### Task instructions
Write out the whole listing, matching it exactly.

### Exercise data
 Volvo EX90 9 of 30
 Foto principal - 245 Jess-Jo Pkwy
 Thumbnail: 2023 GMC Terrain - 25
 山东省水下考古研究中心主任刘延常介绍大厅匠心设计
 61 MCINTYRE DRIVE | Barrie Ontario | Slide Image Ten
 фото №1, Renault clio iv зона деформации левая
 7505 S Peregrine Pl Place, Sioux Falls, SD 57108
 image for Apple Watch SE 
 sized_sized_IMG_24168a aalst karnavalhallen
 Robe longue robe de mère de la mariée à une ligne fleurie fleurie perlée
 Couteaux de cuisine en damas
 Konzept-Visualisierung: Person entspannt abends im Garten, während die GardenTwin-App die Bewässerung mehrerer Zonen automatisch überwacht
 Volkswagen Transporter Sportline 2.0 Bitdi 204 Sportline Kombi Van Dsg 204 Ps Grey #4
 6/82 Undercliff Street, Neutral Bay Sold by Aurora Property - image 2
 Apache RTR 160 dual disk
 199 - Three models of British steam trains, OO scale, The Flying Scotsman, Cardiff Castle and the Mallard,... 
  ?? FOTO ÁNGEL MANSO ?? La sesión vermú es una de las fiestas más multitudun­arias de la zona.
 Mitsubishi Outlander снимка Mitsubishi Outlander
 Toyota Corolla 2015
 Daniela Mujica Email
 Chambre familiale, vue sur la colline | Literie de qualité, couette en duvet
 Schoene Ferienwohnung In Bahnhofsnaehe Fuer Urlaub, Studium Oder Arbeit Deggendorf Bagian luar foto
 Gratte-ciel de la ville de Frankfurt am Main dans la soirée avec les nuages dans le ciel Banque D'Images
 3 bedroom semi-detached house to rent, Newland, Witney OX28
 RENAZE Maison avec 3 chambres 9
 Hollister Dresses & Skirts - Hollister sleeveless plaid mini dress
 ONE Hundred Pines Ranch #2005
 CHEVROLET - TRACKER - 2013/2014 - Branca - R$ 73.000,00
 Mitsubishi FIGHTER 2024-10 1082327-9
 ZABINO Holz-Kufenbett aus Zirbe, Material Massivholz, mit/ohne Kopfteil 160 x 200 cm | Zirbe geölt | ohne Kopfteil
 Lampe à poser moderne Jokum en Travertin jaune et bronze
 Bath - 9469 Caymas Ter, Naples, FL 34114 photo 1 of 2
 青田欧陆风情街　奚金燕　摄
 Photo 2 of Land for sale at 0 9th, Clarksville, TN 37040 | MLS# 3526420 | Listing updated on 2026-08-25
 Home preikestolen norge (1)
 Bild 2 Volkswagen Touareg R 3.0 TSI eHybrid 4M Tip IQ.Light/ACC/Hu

### Problem solution
 Volvo EX90 9 of 30
 Foto principal - 245 Jess-Jo Pkwy
 Thumbnail: 2023 GMC Terrain - 25
 山东省水下考古研究中心主任刘延常介绍大厅匠心设计
 61 MCINTYRE DRIVE | Barrie Ontario | Slide Image Ten
 фото №1, Renault clio iv зона деформации левая
 7505 S Peregrine Pl Place, Sioux Falls, SD 57108
 image for Apple Watch SE 
 sized_sized_IMG_24168a aalst karnavalhallen
 Robe longue robe de mère de la mariée à une ligne fleurie fleurie perlée
 Couteaux de cuisine en damas
 Konzept-Visualisierung: Person entspannt abends im Garten, während die GardenTwin-App die Bewässerung mehrerer Zonen automatisch überwacht
 Volkswagen Transporter Sportline 2.0 Bitdi 204 Sportline Kombi Van Dsg 204 Ps Grey #4
 6/82 Undercliff Street, Neutral Bay Sold by Aurora Property - image 2
 Apache RTR 160 dual disk
 199 - Three models of British steam trains, OO scale, The Flying Scotsman, Cardiff Castle and the Mallard,... 
  ?? FOTO ÁNGEL MANSO ?? La sesión vermú es una de las fiestas más multitudun­arias de la zona.
 Mitsubishi Outlander снимка Mitsubishi Outlander
 Toyota Corolla 2015
 Daniela Mujica Email
 Chambre familiale, vue sur la colline | Literie de qualité, couette en duvet
 Schoene Ferienwohnung In Bahnhofsnaehe Fuer Urlaub, Studium Oder Arbeit Deggendorf Bagian luar foto
 Gratte-ciel de la ville de Frankfurt am Main dans la soirée avec les nuages dans le ciel Banque D'Images
 3 bedroom semi-detached house to rent, Newland, Witney OX28
 RENAZE Maison avec 3 chambres 9
 Hollister Dresses & Skirts - Hollister sleeveless plaid mini dress
 ONE Hundred Pines Ranch #2005
 CHEVROLET - TRACKER - 2013/2014 - Branca - R$ 73.000,00
 Mitsubishi FIGHTER 2024-10 1082327-9
 ZABINO Holz-Kufenbett aus Zirbe, Material Massivholz, mit/ohne Kopfteil 160 x 200 cm | Zirbe geölt | ohne Kopfteil
 Lampe à poser moderne Jokum en Travertin jaune et bronze
 Bath - 9469 Caymas Ter, Naples, FL 34114 photo 1 of 2
 青田欧陆风情街　奚金燕　摄
 Photo 2 of Land for sale at 0 9th, Clarksville, TN 37040 | MLS# 3526420 | Listing updated on 2026-08-25
 Home preikestolen norge (1)
 Bild 2 Volkswagen Touareg R 3.0 TSI eHybrid 4M Tip IQ.Light/ACC/Hu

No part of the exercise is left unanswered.